The 76ers bought and merged teams Dignitas and Apex in September 2016, becoming  the first North American pro sports team to get involved in esports. Since then, a number of other professional sports teams have invested in competitive gaming. When the North America League of Legends Championship Series announced their 10 teams, four were owned by NBA franchises. The New York Yankees invested in Vision Esports, given them a partnership with Rick Fox’s Echo Fox and Twin Galaxies. Countless other pro sports entities and owners have since gotten involved with esports investments, and currently teams from the NBA, NFL, MLB, NHL, and MLS have all invested in esports.

Leagues for Sports Titles

The big focus from many professional sports leagues has been creating gaming leagues for their respective sports titles. The NBA 2K League, Madden NFL Club Championship, and eMLS have all been formed in the last year. These leagues all follow a similar formula – gamers representing professional sports teams in competition. The NFL partnered with ESPN to broadcast its Madden NFL Club Championships and Madden Ultimate League for 2018. The eMLS Cup kicked off its inaugural competition at PAX East, and the NBA 2K League began on May 1 with the involvement of 17 NBA franchises in an NBA 2K18 tournament. 

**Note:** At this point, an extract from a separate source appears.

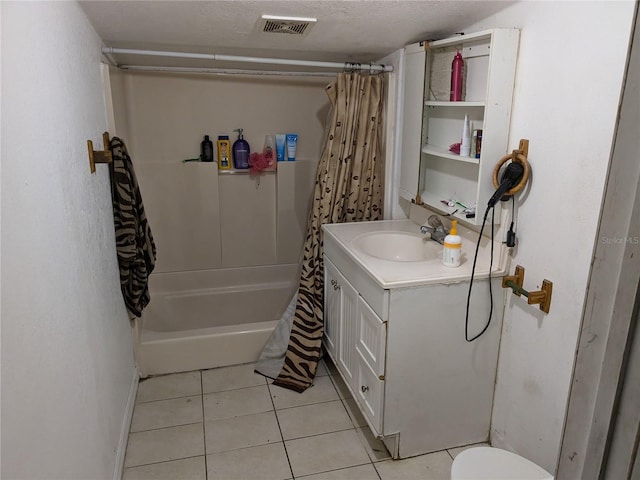 full bathroom featuring vanity, tile patterned floors, shower / tub combo, toilet, and a textured ceiling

The early results from these leagues have been mixed. eMLS had a promising debut at PAX East, generating over 30,000 viewers on Twitch during the championship game. The NBA 2K League had lower viewership numbers than the eMLS Cup – peaking at 13,000 Twitch viewers, and their viewership declined with each subsequent round of the tournament. There are likely several factors behind this: a main one being that NBA 2K League games were scheduled during the NBA Playoffs. Another aspect to consider is that eMLS uses real soccer stars in-game, while the NBA uses created players representing the esports pro controlling them. So in the 2K League games, there is no LeBron James or Steph Curry, but rather “Radiant” and “Mama I’m Dat Man.” This approach could deter traditional basketball fans, who might find actual NBA stars more compelling.

It’ll be tough to gauge the success of these ventures until more games and tournaments have been played. These leagues will learn and adapt moving forward, and they’ll have some tough decisions to make as to whether they tailor their product towards gamers or traditional sports fans. Will the leagues remain invested in games within their respective sports, or do they venture further into the competitive gaming world with esports giants like Dota and League of Legends? Either way, the rapidly evolving esports landscape is still in its beginning stages, and I’m excited to see where it goes – and how traditional sports are a part of it.